I have never found a good reason to add an operation based on something happening during the execution of a current operation. Should you need to do so, you can use NSOperationQueue's class method, currentQueue, which will give you the operation queue in which the current operation is operating.
If you are doing core data work using NSOperation, i would recommend to create a context for each particular operation. Make sure to initialize the context inside the main method, since this is where you are on the right thread of the NSOperation background execution.
You do not necessarily need to have one NSOperation object for each task. You can download the data and parse it inside the NSOperation. You can also do the data download abstractly and do the data manipulation of the content downloaded using the completion block property of NSOperation. This will allow you to use the same object to get the data, but have different data manipulation.
My recommendation would be to read the documentation for NSOperation, NSBlockOperation and NSOperationQueue. Check your current design to see how you can adapt these classes with your current project. I strongly suggest you to go the route of the NSOperation family instead of the NSThread family.
Good luck.
Just to add to #justin's answer
How do I cooperate NSOperationQueue with CoreData? Each time I access
the CoreData, should I create a new context? Will that be expensive?
You should be really careful when using NSOperation with Core Data.
What you always have to remember here is that if you want to run CoreData operations on a separate thread you have to create a new NSManagedObjectContext for that thread, and share the main's Managed Object Context persistant store coordinator (the "main" MOC is the one in the app delegate).
Also, it's very important that the new Managed Object Context for that thread is create from that thread.
So if you plan to use Core Data with NSOperation make sure you initialize the new MOC in NSOperation's main method instead of init.
Here's a really good article about Core Data and threading
Use GCD - its a much better framework than NS*
Keep all your CoreData access on one queue and dispatch_async at the end of your routines to save back to your CoreData database.
If you have a developer account, check this WWDC video out: https://developer.apple.com/videos/wwdc/2012/?id=712

Core Data - How to force NSPrivateQueueConcurrencyType context save in serial?
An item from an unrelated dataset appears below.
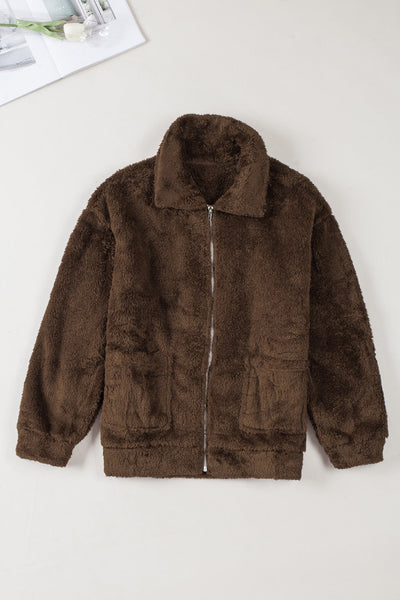 Cozy Teddy Fashionable Zip Up Warm Coat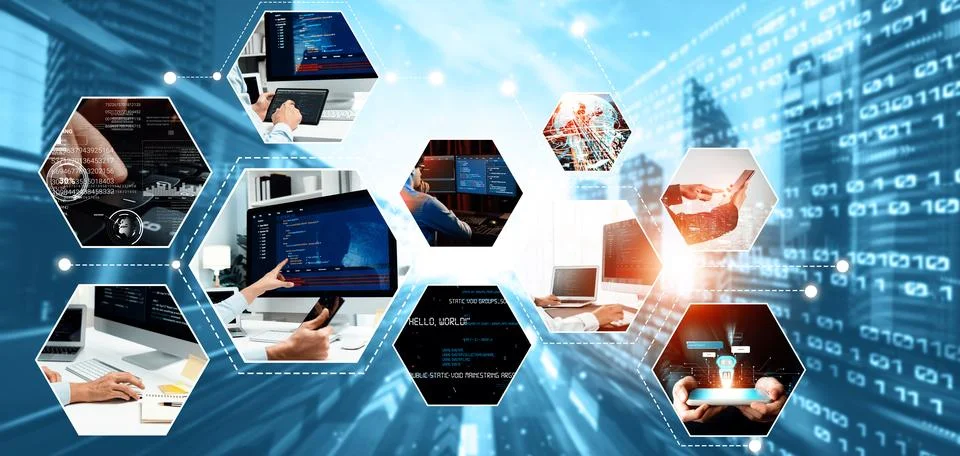 Computer programming, coding and AI artificial intelligence NLP data development Stock-Fotos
I was excited about the newly supported concurrent functions of CoreData since iOS 5.
A private queue is maintained and all save or fetch requests can be done via that queue.
However, can I set up the private queue for CoreData so that it executes request one by one?
My app is downloading news items from a number of feeds. Each time after downloading and parsing from one feed are finished, I just save the feed's items into CoreData via the private queue.
However, since I am downloading and parsing from multiple feeds simultaneously, I always have multiple groups of items, i.e., multiple save requests, for the CoreData.
Now the situation is that I guess CoreData just have a number of threads and each one is saving a group of items into the db. My UI got stuck in the mean time.
Do you think I can control the private queue so that no matter how many simultaneous save requests are, they will be done one by one?
Core Data is (probably) only using one serial queue or thread since its serial. I recently converted my app from using a serial queue I had created (app was 4.3) to use this new option in iOS 5. In all cases when you 'performBlock' the method is handled in a serial fashion. Also, you can now call '[moc performBlocK:...]' from any queue as that call is thread safe!
I believe what you want to do is have your background threads, which are most likely adding options, to use 'performBlock:' (without the wait). The block you provide is then queued and processed in a FIFO fashion. Later on, if your table wants to get objects, it can issue a 'performBlockAndWait:', or optionally your code can ask for the latest objects using performBlock, and at the end of the supplied block message back to your app the set of objects you need.
Also, I only ever save often in development builds, to verify validity. Once you are pretty sure things are working OK, you can then just perform a background save once all the data is downloaded.
EIDT: To reiterate - if you are downloading and also using images or other data while loading a viewController, and lots of things are going on, this is the WORST time to do a save. Use a timer or dispatch_after, and many seconds after everything seems stable THEN do the save.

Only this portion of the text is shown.